CORTLAND - CORTLAND, N.Y. -- This time, the expletives came from the head coach, not the players.
A day after a brawl involving more than 20 Jets players erupted on the sideline and spilled into an area designated for media and fans, fights again broke out during Tuesday's practice, pushing Rex Ryan to the brink. The coach abruptly stopped team drills and barked at his players in frustration. His words a day earlier apparently had fallen on deaf ears, and in turn, he made their legs pay.
Ryan stood near the 50-yard line, watching the players run "gassers," sprints from one side of the field to the other.
It was punishment for their disobedience, the final straw after a string of shoving matches and sucker punches. And more importantly, it was further proof that Ryan is determined to rein in his players at the first sign of divide.
He had never doled out punishment in such a way, but in this case, he felt justified. "I just wanted them to know how serious I am about it," Ryan said. "And I also wanted to run 'em until I was tired. I'm doing my job. My job is to get this team ready to go, and to be the team that I envision having. And we're going to."
The first dust-up occurred between fellow rookies, linebacker Demario Davis and running back Terrance Ganaway. Then, during 7-on-7 drills, Antonio Cromartie was extra physical with rookie receiver Stephen Hill and later hit tight end Dustin Keller, resulting in a full-on fight between the two. Having already issued a warning about the fine line between physicality and stupidity, Ryan did the unexpected. "Apparently someone never got the message," he said, referring to Cromartie.
"I thought Cro should've backed off and not hit Dustin," Ryan said. "He's trying to be physical, trying to pick his play up. We always talk about developing habits, but in that situation, it's your teammate and you don't want to do it. I thought Cro was wrong in that situation."

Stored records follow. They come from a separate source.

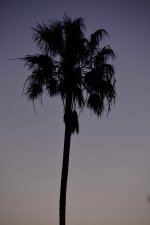 tree1.JPG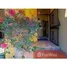 4 chambre Maison for sale in Nayarit, Compostela, Nayarit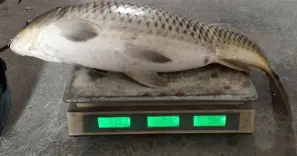 关于鐔g`怌????.`j]?V鎊`]BC野獑扬?w^Fp?}礨R+}T辤_襕擒??q罶垙c的信息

Coincidentally, team owner Woody Johnson was on the sideline, holding court with the media at the time of the latest brouhaha. "You can't get this kind of team building other than coming to a place like Cortland," Johnson said, seemingly unaware that tempers were flaring on the field.
Cromartie refused the media's interview request, but other players said the aggressiveness and cheap shots from the past two days were a carry-over from Saturday's scrimmage -- the closest thing to a meaningful game for the Jets since January. Said Santonio Holmes, "We're ready to hit somebody else."

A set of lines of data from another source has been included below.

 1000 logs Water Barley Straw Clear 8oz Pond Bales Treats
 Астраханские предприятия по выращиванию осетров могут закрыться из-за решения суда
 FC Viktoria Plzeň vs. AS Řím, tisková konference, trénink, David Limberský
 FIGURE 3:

And Ryan is just as anxious as his players to take out this pent-up hostility on a real opponent. "Being physical is one thing. Going past that, is something else. And that's what I didn't like. That's why we stopped and had to remind guys that the enemy is not in green and white," said Ryan, who still followed through with his pre-practice plan to surprise his players by canceling meetings in favor of an impromptu movie night; it was an effort in team-building, not a reaction to recent events, the Jets said.
Ryan's message was received. "Yeah, definitely," safety Eric Smith said. "We got it."
For Hill, gassers are nothing new, "especially in middle school and high school," he added with a laugh. But he was adamant the Jets aren't unruly.
"He's out here doing a great job, keeping us in line," Hill said of Ryan, whom he called "a players' coach. We're not undisciplined, we're just out here at camp. There's fires going up, and we're just kind of tired of playing each other, but other than that, we're in line."
Ryan said the recent fighting has been "mild" compared with his first year here, and took issue with the perception that he has lost control of a wayward team. "Everybody has a right to their opinion . . . no matter how wrong they are," he said. "I think we're a little more disciplined than maybe what general perception is out there. You can't have the wins that we've had in the past and not be a disciplined football team. Again, it hasn't been good enough, we haven't won the Super Bowl yet, but certainly we're aiming to."